**WORK ORDER**
Would you repeat the listing exactly but omit every picture?
┌────────
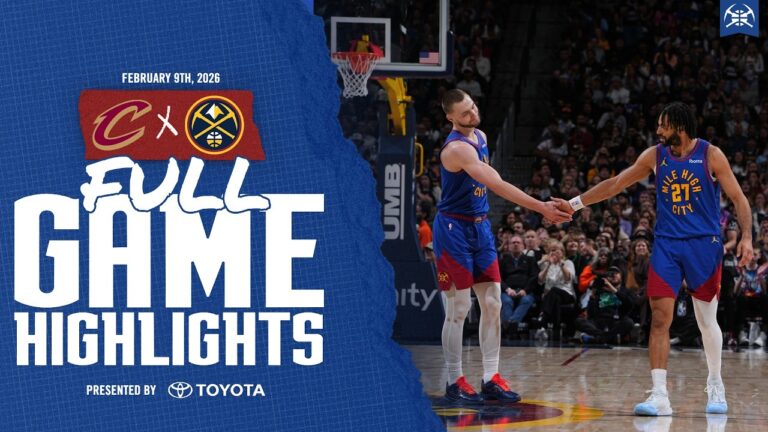 Denver Nuggets vs. Cleveland Cavaliers Toyota Game Recap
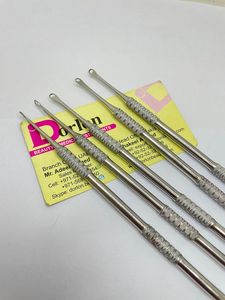 El último empujador de cutículas de uñas de acero inoxidable de doble punta removedor de esmalte de uñas sostenible y herramienta removedora de piel muerta - Product Image 6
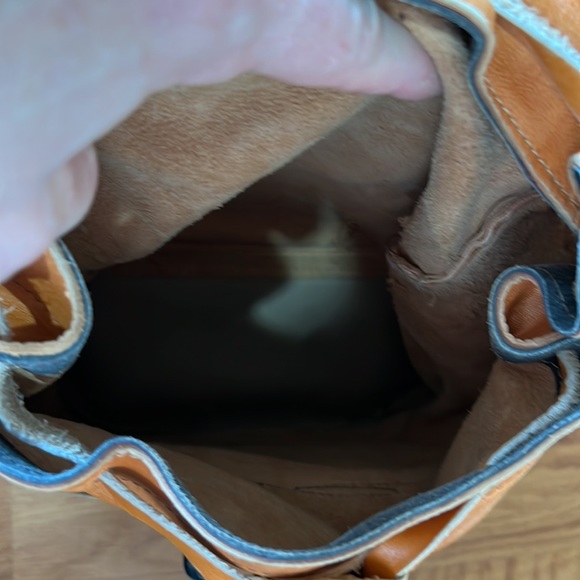 Leather backpack - Picture 3 of 5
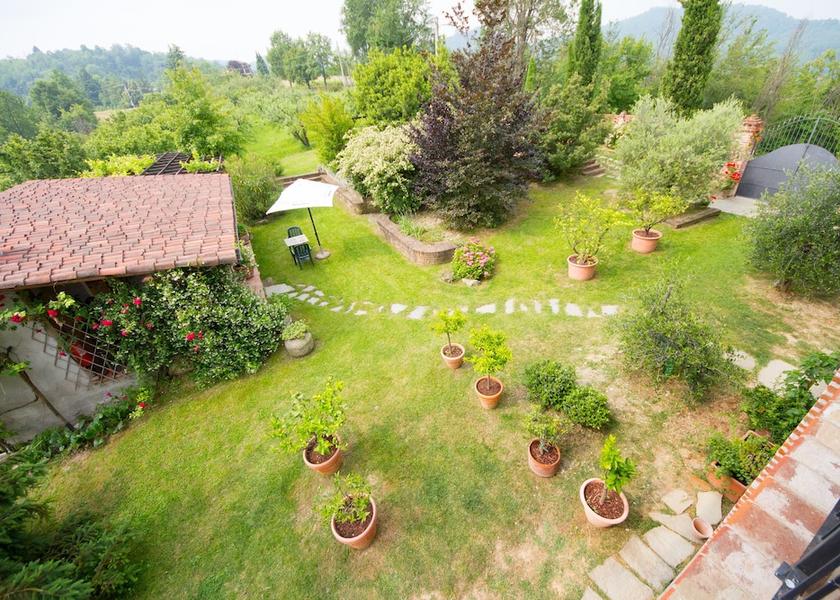 Piedmont Lauriano Garden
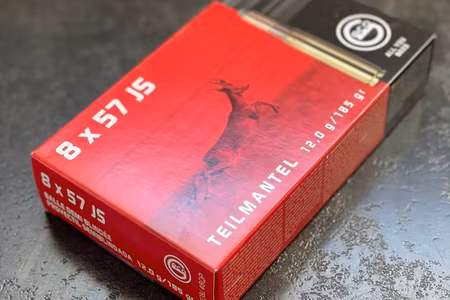 GECO Softpoint 8x57JS 12g/185gr – Prisvärd jaktammunition
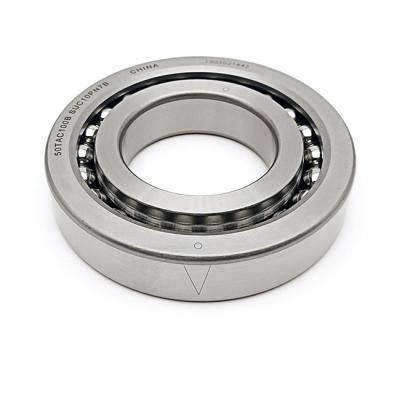 China Brass Cage Split Inner Ring FAG 3308-DA-MA Double Row Angular Contact Ball Bearing for sale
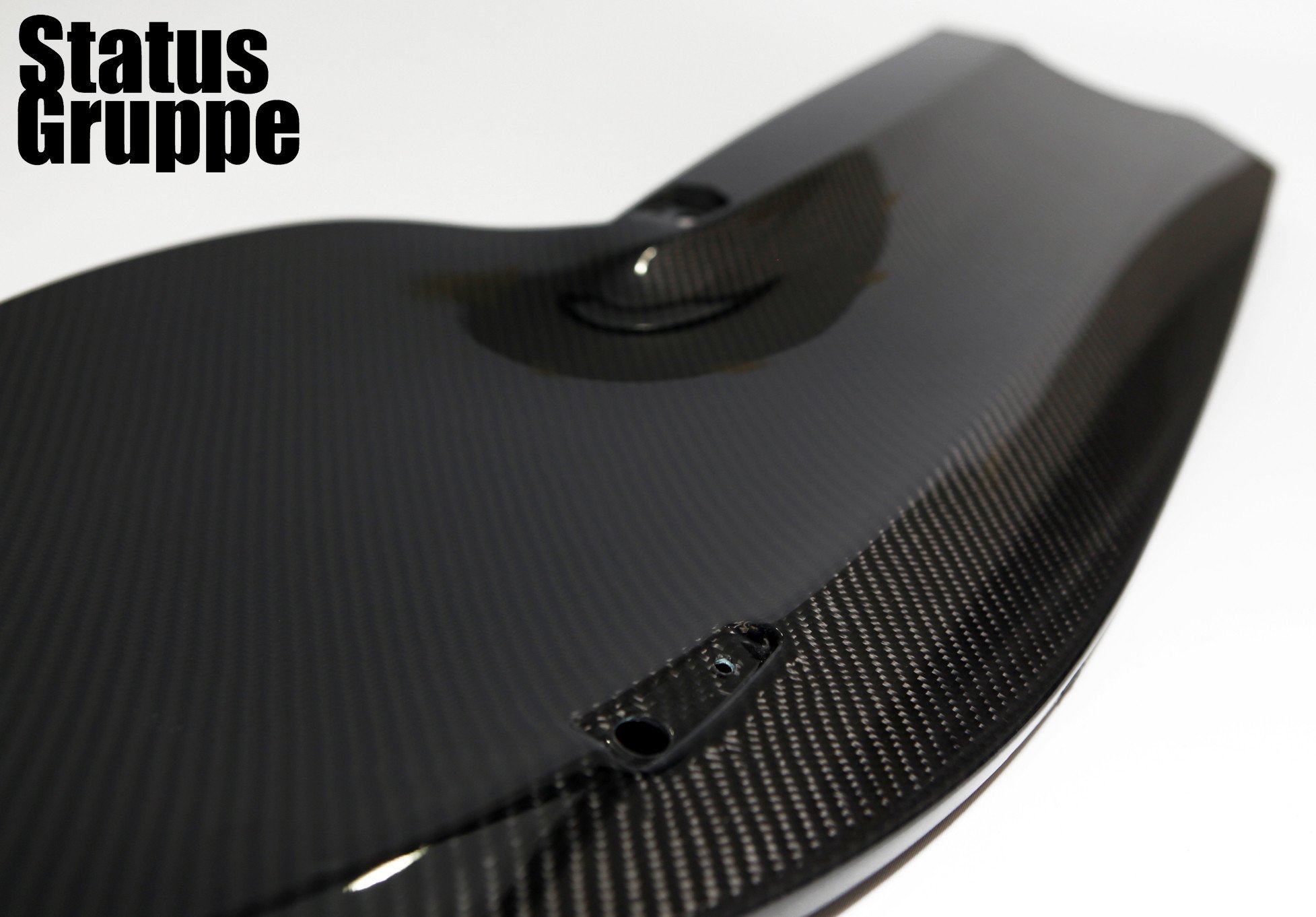 BMW E46 Coupe CF CSL Door panel inserts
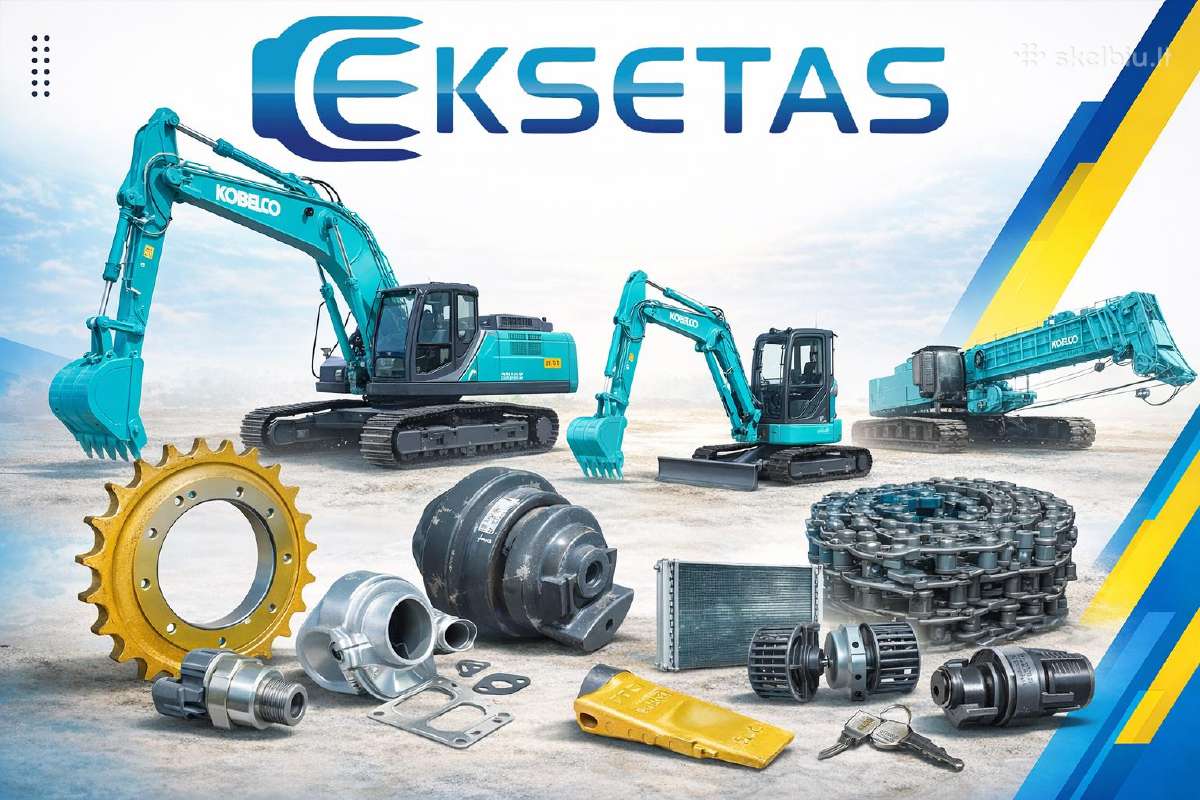 kobelco dalys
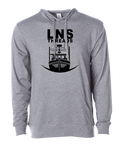 Unisex *Longliner* Jersey Hoodie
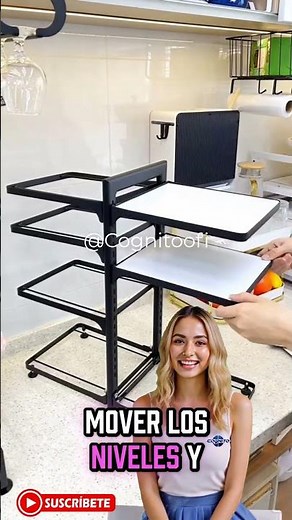 Tus ollas más organizadas… y sin perder espacio 😳🍳✨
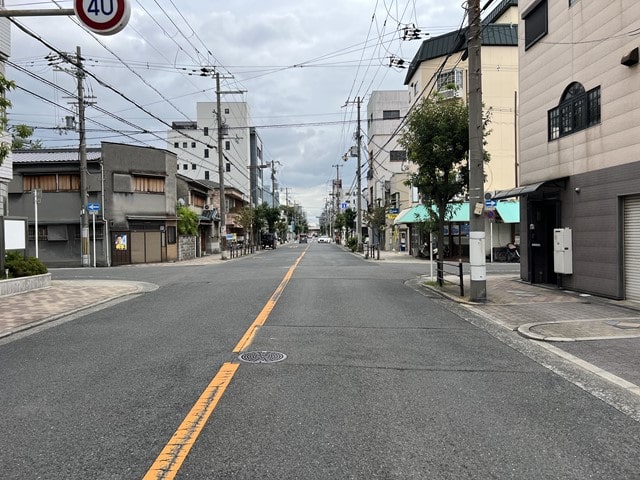 大型車両の通行は可能です。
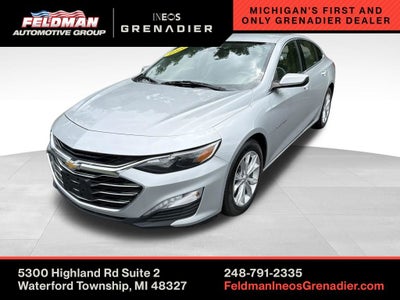 2020 Chevrolet Malibu LT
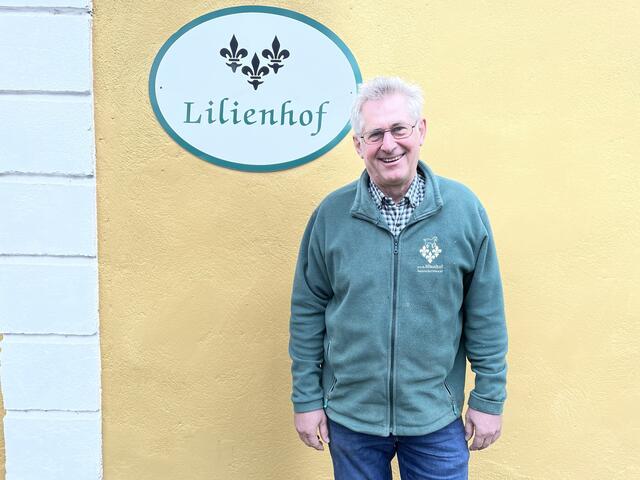 Martin Preineder, Bio-Bauer aus Lanzenkirchen. | Foto: Plavec-Liska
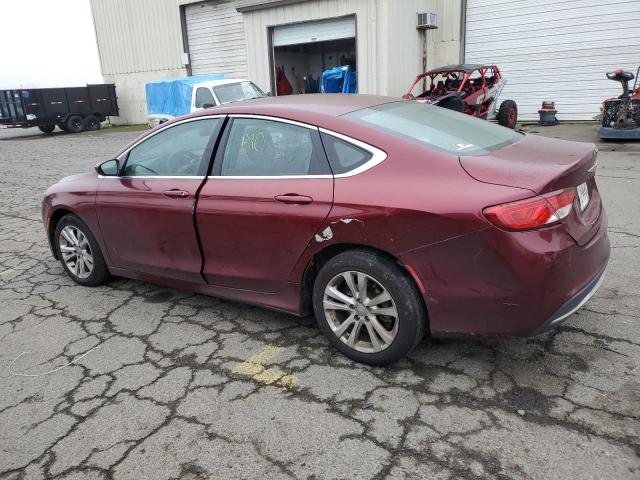 Photo 2 from auction – 2015 CHRYSLER 200 LIMITE with VIN 1C3CCCABXFN624572
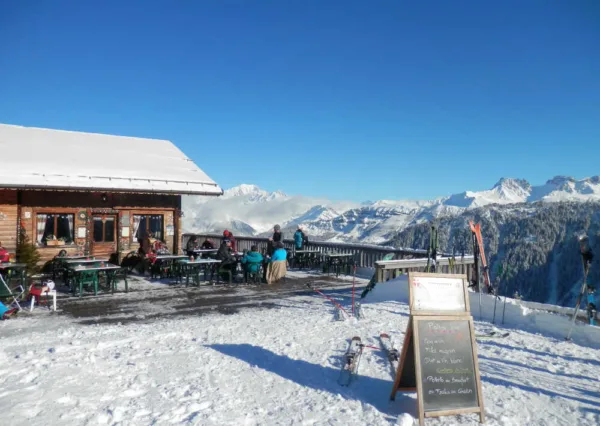 Refuge des Arolles 1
└────────
**RESPONSE**
 Denver Nuggets vs. Cleveland Cavaliers Toyota Game Recap
 El último empujador de cutículas de uñas de acero inoxidable de doble punta removedor de esmalte de uñas sostenible y herramienta removedora de piel muerta - Product Image 6
 Leather backpack - Picture 3 of 5
 Piedmont Lauriano Garden
 GECO Softpoint 8x57JS 12g/185gr – Prisvärd jaktammunition
 China Brass Cage Split Inner Ring FAG 3308-DA-MA Double Row Angular Contact Ball Bearing for sale
 BMW E46 Coupe CF CSL Door panel inserts
 kobelco dalys
 Unisex *Longliner* Jersey Hoodie
 Tus ollas más organizadas… y sin perder espacio 😳🍳✨
 大型車両の通行は可能です。
 2020 Chevrolet Malibu LT
 Martin Preineder, Bio-Bauer aus Lanzenkirchen. | Foto: Plavec-Liska
 Photo 2 from auction – 2015 CHRYSLER 200 LIMITE with VIN 1C3CCCABXFN624572
 Refuge des Arolles 1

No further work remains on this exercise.